DATA SHOWN
>>

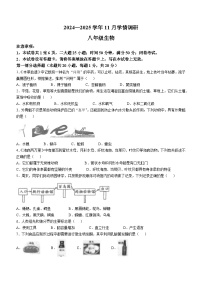 河南省洛阳市洛宁县2024-2025学年八年级上学期期中生物学试题(无答案)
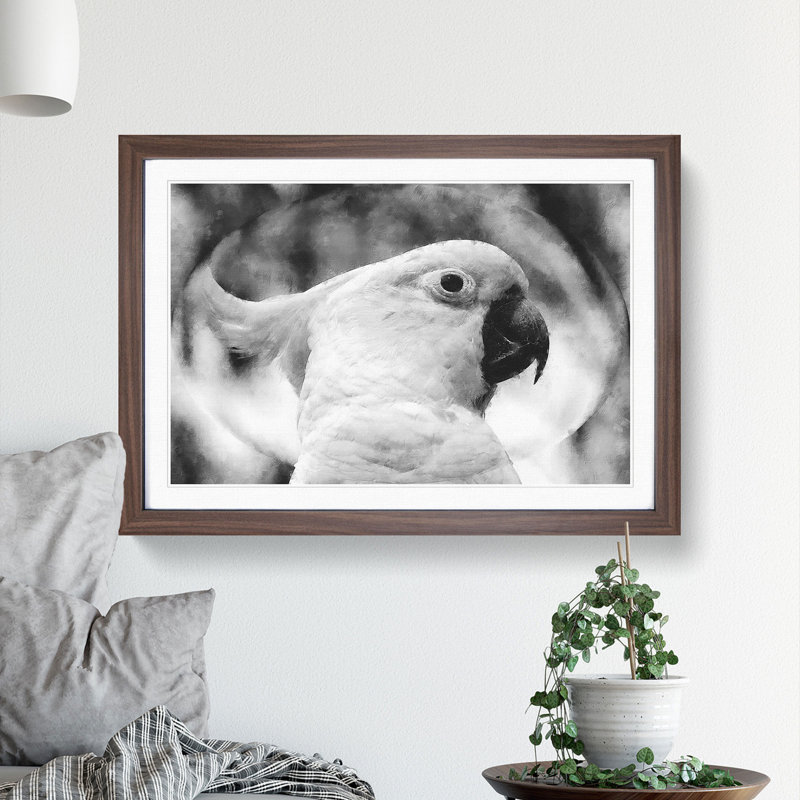 Cockatoo Bird Vol.2 - Picture Frame Graphic Art, Walnut Framed, 36cm H x 48cm W x 2cm D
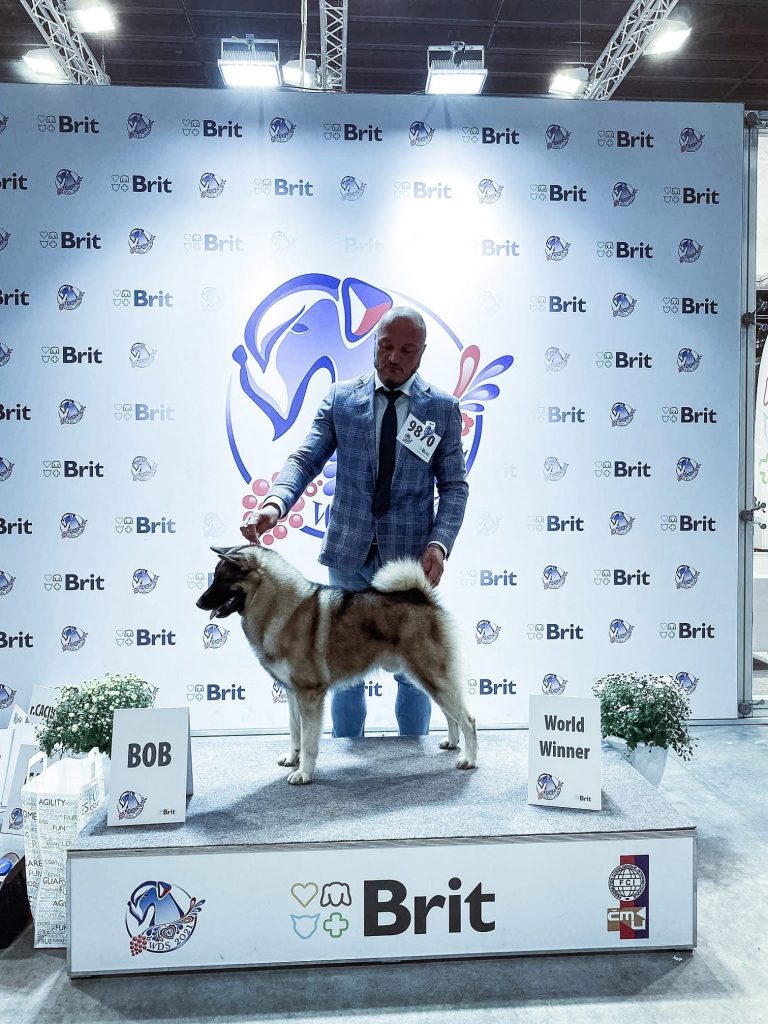 WhatsApp Image 2025-11-28 at 13.01.36 (3)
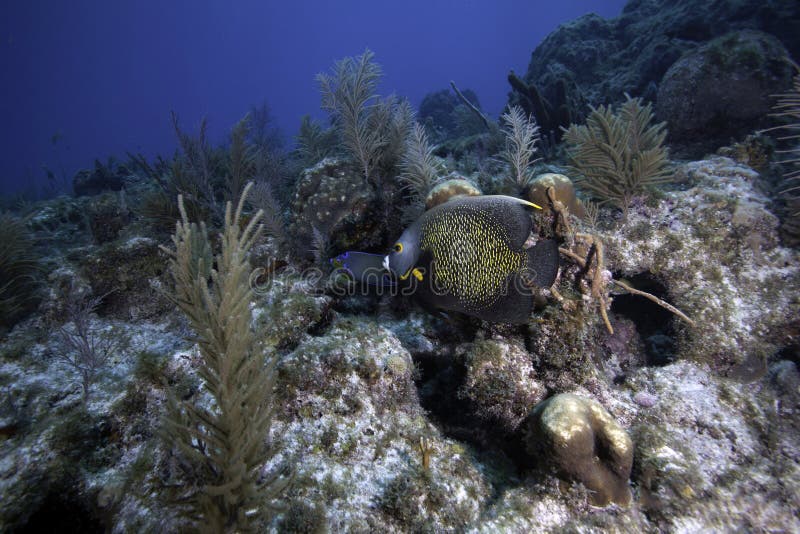Angelfish francês no recife coral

<<

TRY IT
Everything from the line containing "Cockatoo Bird Vol.2" through the end of the data should be printed exactly, line for line, except the pictures.

ANSWER AREA
 Cockatoo Bird Vol.2 - Picture Frame Graphic Art, Walnut Framed, 36cm H x 48cm W x 2cm D
 WhatsApp Image 2025-11-28 at 13.01.36 (3)
Angelfish francês no recife coral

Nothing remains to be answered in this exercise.